_Short web captions_
◆ ◆ ◆ ◆

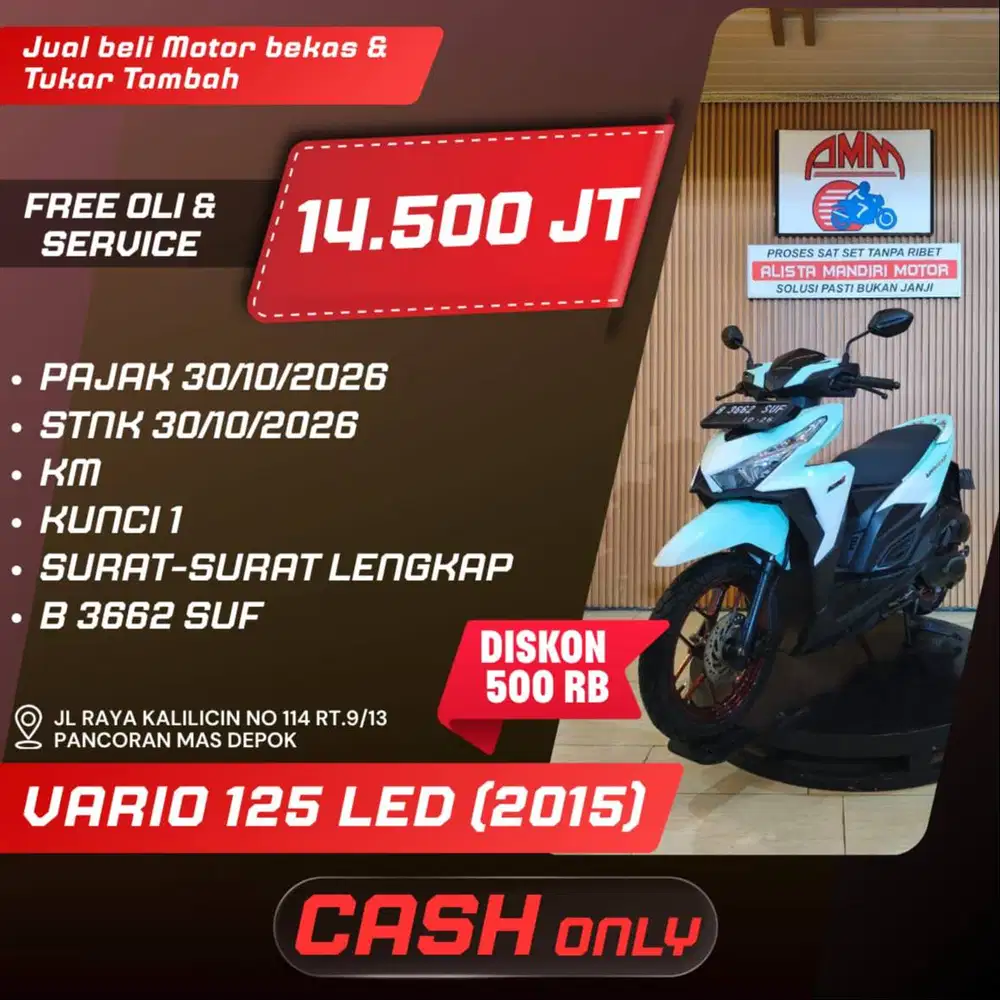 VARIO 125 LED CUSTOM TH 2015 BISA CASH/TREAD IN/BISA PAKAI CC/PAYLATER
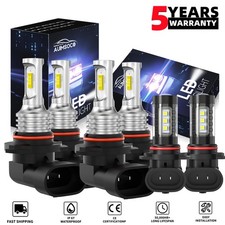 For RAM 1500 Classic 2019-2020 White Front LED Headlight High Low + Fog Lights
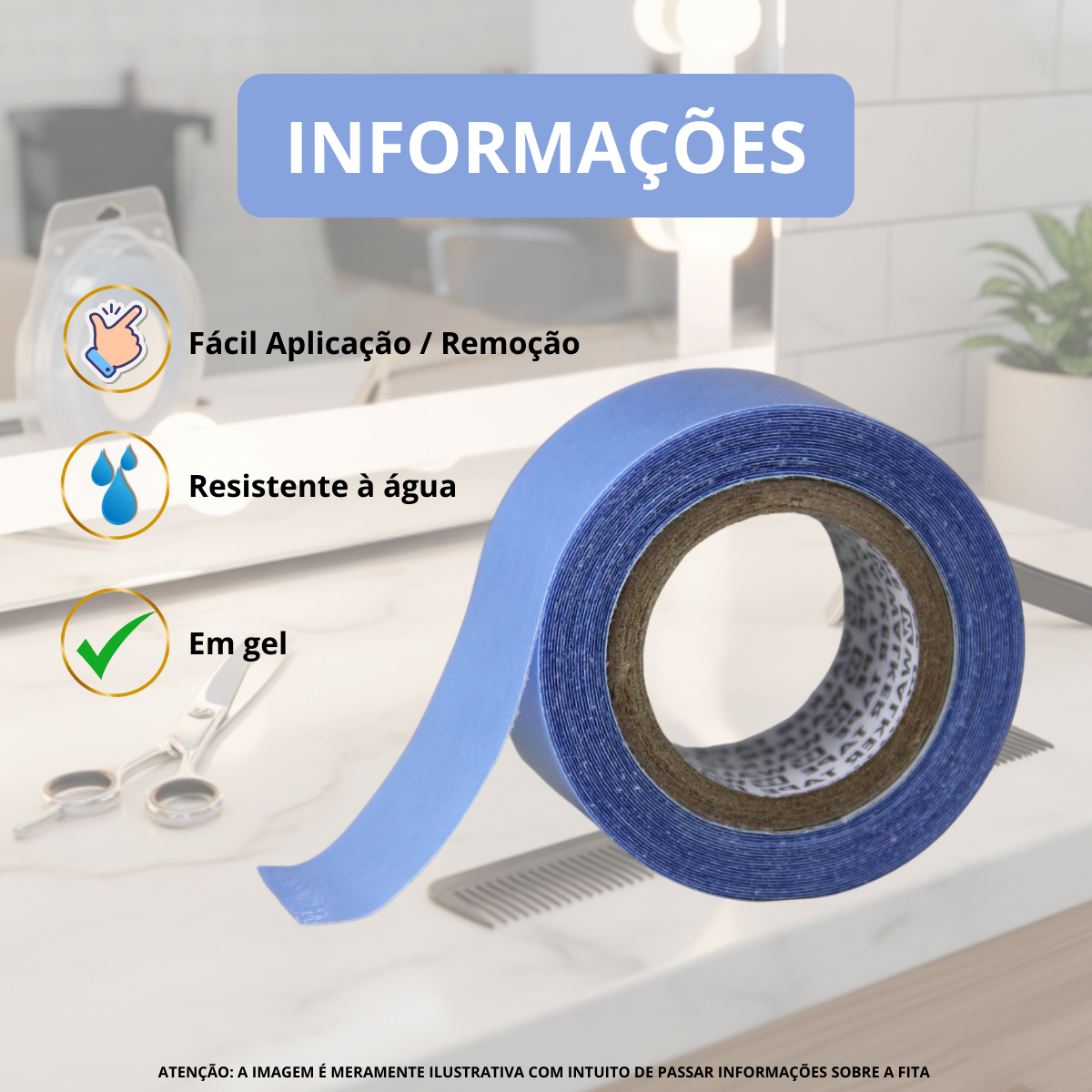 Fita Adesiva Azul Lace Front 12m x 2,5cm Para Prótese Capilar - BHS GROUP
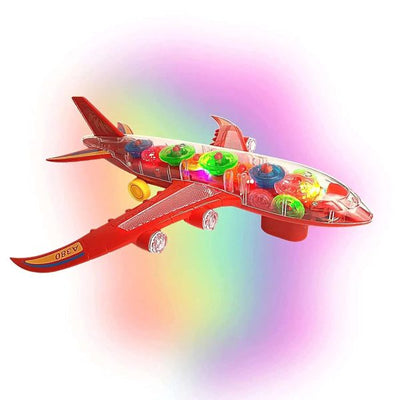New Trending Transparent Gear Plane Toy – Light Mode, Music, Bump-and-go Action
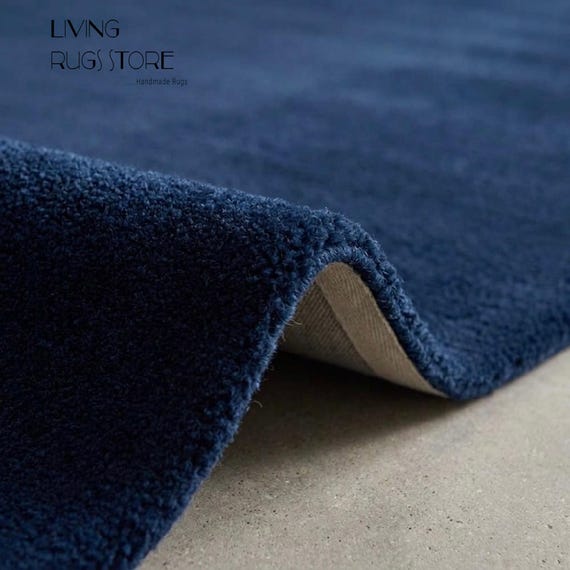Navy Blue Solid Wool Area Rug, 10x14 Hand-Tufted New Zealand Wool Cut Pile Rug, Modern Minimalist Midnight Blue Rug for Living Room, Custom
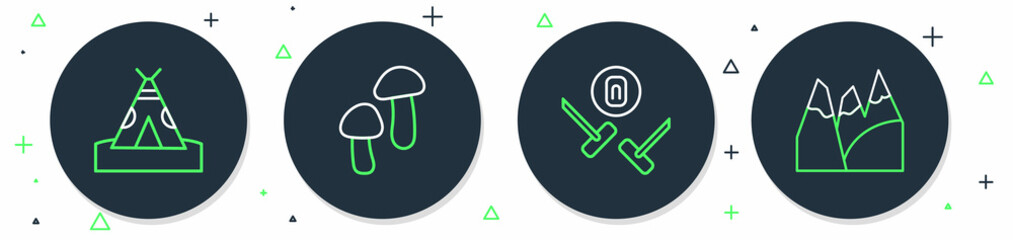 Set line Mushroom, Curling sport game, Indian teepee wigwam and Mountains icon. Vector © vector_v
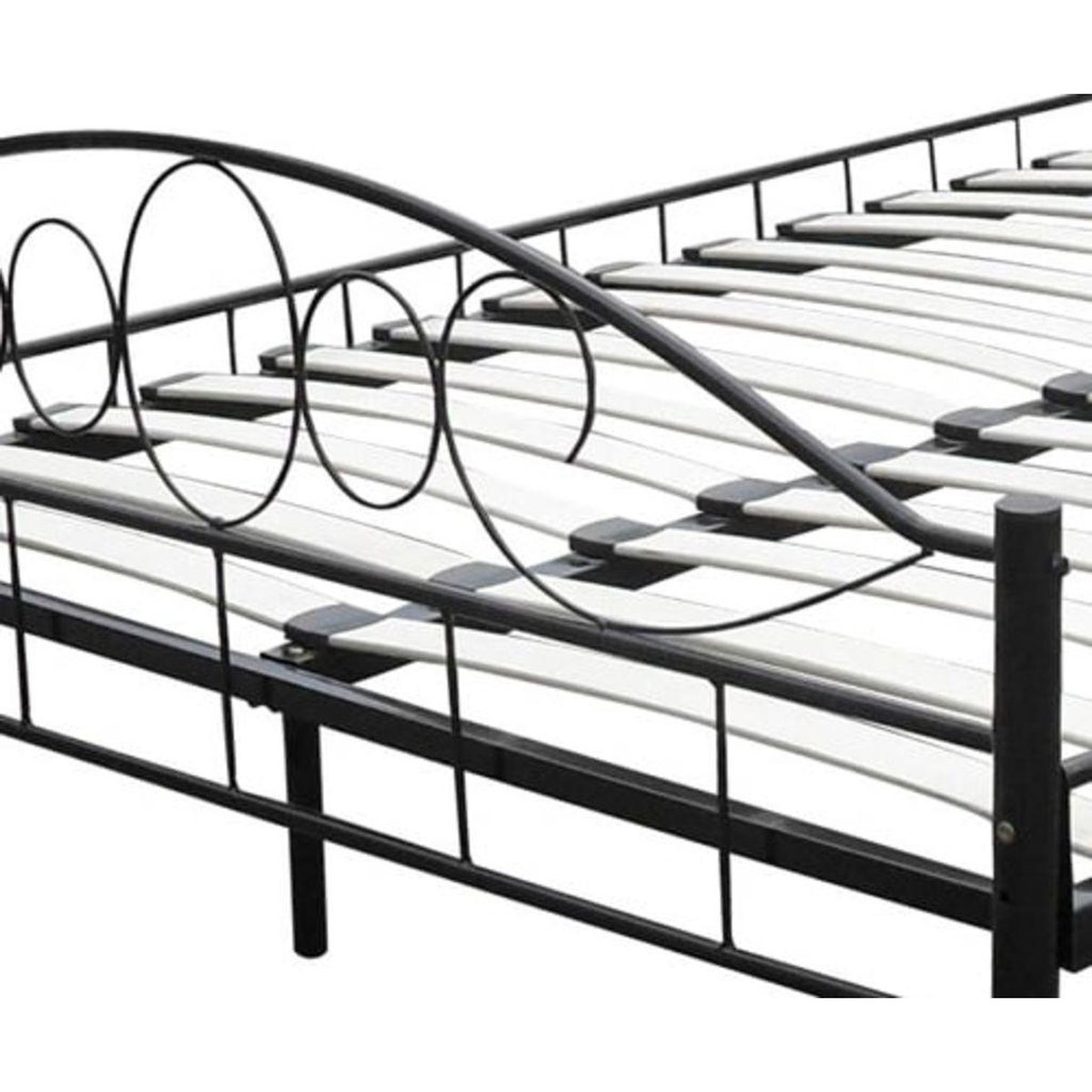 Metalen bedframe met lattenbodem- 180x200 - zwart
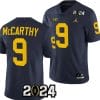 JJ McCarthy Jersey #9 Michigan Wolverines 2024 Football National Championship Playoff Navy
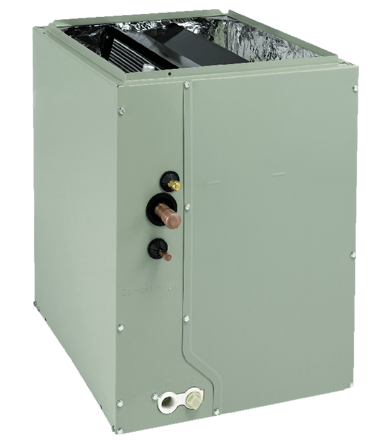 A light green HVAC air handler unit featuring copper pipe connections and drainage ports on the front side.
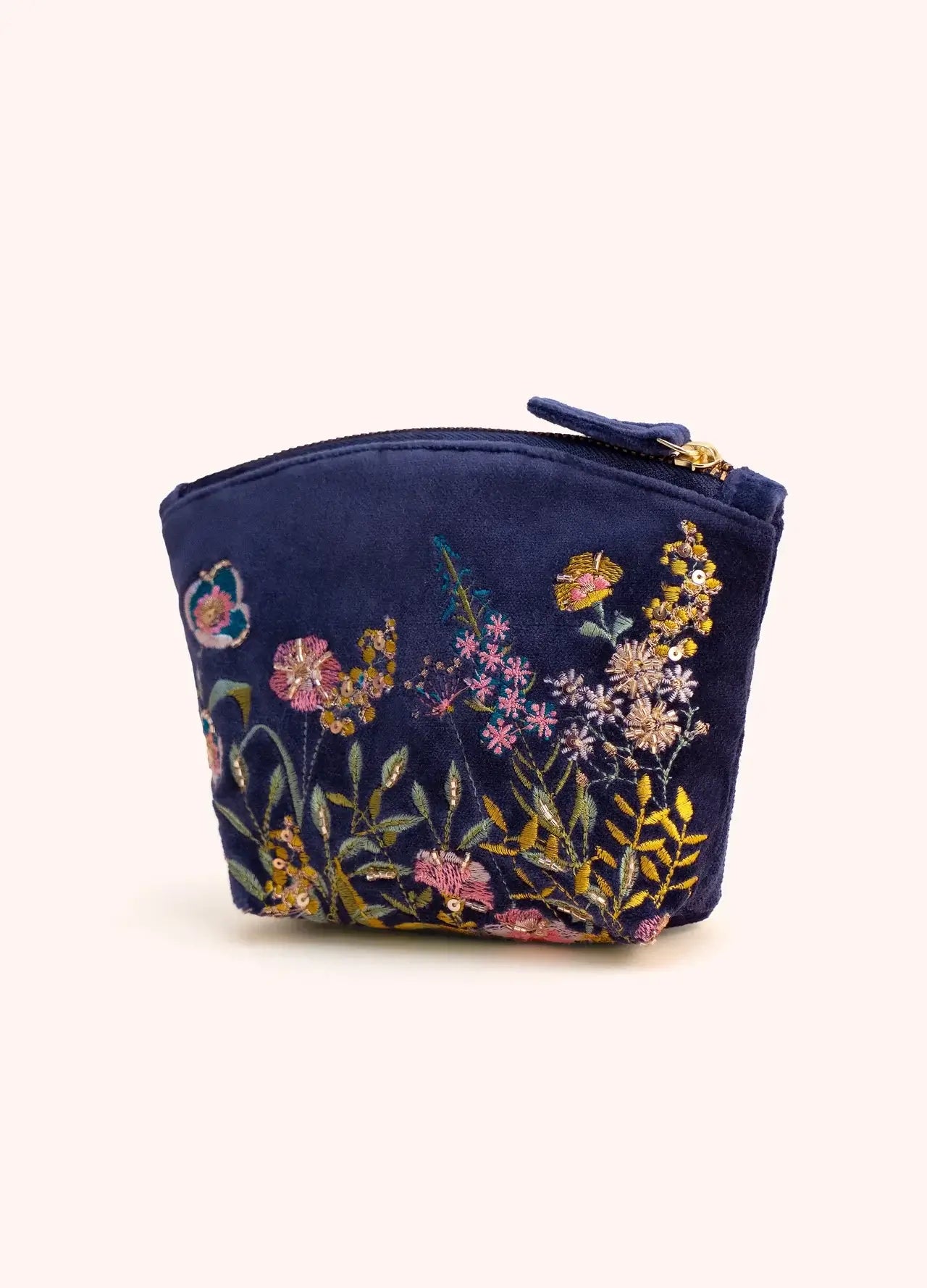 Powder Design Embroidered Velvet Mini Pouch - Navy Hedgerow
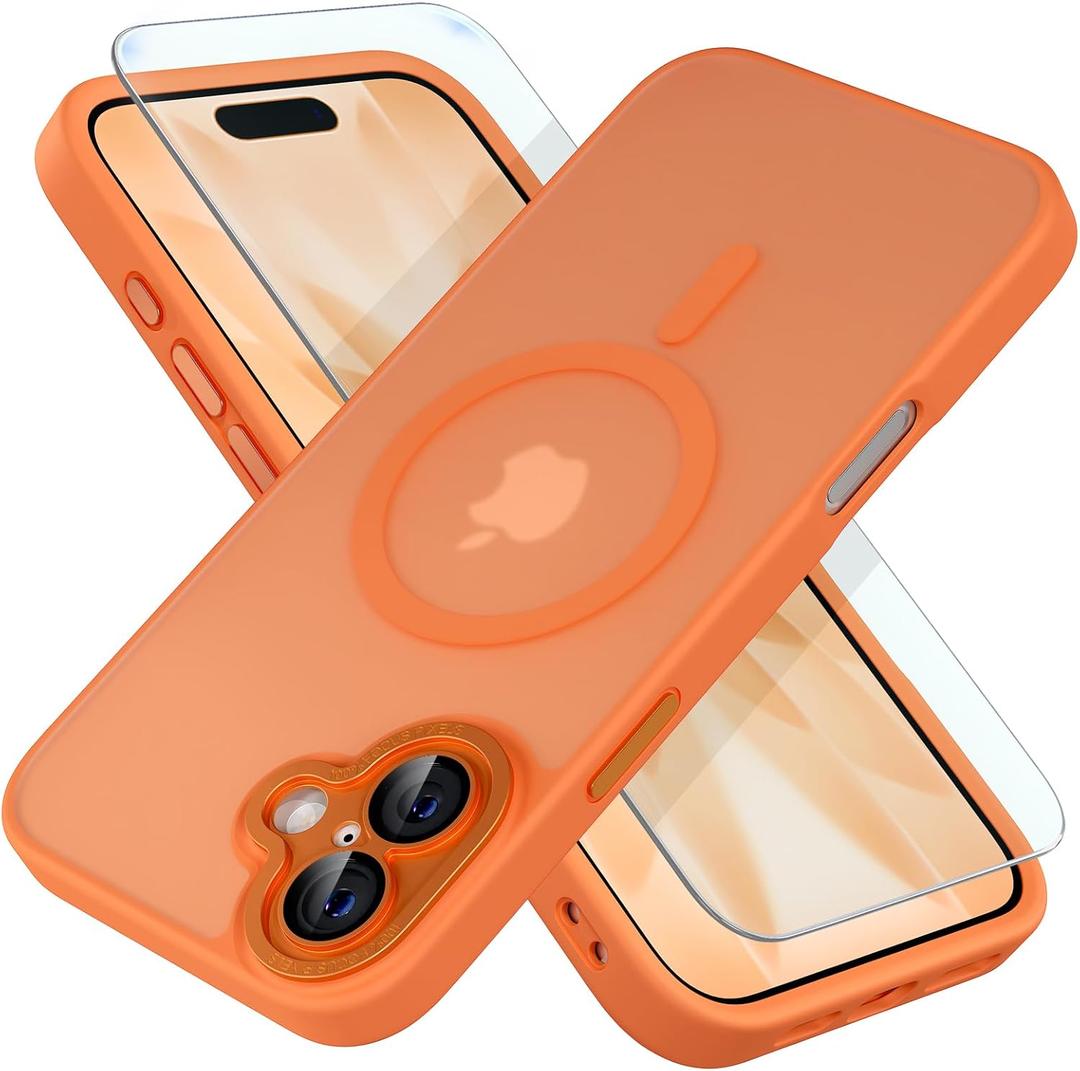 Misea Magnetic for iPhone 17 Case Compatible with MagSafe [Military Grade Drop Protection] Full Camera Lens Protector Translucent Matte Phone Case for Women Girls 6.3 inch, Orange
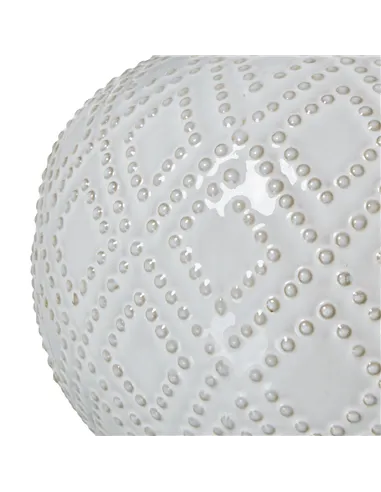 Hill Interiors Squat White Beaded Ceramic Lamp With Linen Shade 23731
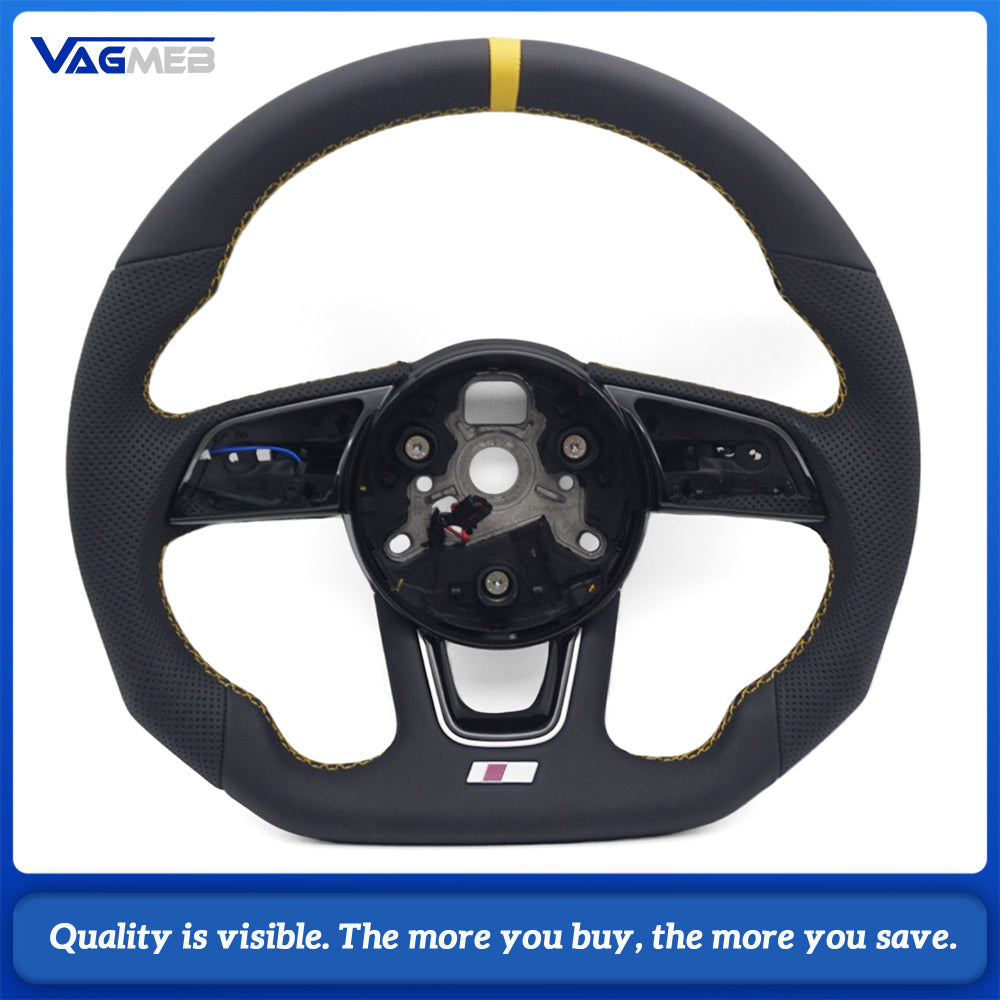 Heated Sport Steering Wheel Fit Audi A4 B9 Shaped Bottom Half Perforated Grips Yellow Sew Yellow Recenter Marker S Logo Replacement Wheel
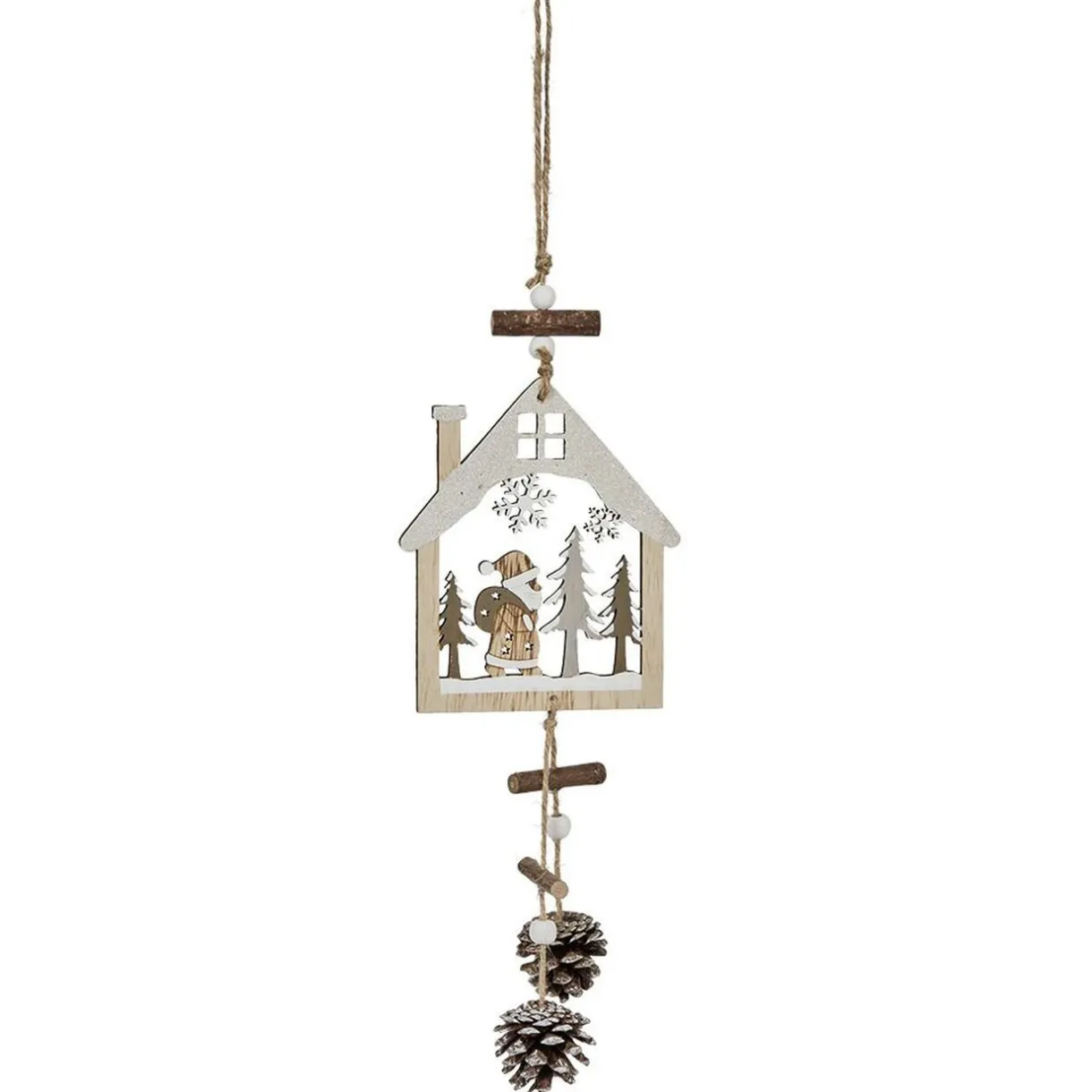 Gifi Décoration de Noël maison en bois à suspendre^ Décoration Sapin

◆ ◆ ◆ ◆

_Exercise objective_
Output all of the data above exactly; no pictures should appear.

_Task output_
 VARIO 125 LED CUSTOM TH 2015 BISA CASH/TREAD IN/BISA PAKAI CC/PAYLATER
 For RAM 1500 Classic 2019-2020 White Front LED Headlight High Low + Fog Lights
 Fita Adesiva Azul Lace Front 12m x 2,5cm Para Prótese Capilar - BHS GROUP
New Trending Transparent Gear Plane Toy – Light Mode, Music, Bump-and-go Action
Navy Blue Solid Wool Area Rug, 10x14 Hand-Tufted New Zealand Wool Cut Pile Rug, Modern Minimalist Midnight Blue Rug for Living Room, Custom
 Set line Mushroom, Curling sport game, Indian teepee wigwam and Mountains icon. Vector © vector_v
 Metalen bedframe met lattenbodem- 180x200 - zwart
 JJ McCarthy Jersey #9 Michigan Wolverines 2024 Football National Championship Playoff Navy
 A light green HVAC air handler unit featuring copper pipe connections and drainage ports on the front side.
 Powder Design Embroidered Velvet Mini Pouch - Navy Hedgerow
 Misea Magnetic for iPhone 17 Case Compatible with MagSafe [Military Grade Drop Protection] Full Camera Lens Protector Translucent Matte Phone Case for Women Girls 6.3 inch, Orange
 Hill Interiors Squat White Beaded Ceramic Lamp With Linen Shade 23731
 Heated Sport Steering Wheel Fit Audi A4 B9 Shaped Bottom Half Perforated Grips Yellow Sew Yellow Recenter Marker S Logo Replacement Wheel
 Gifi Décoration de Noël maison en bois à suspendre^ Décoration Sapin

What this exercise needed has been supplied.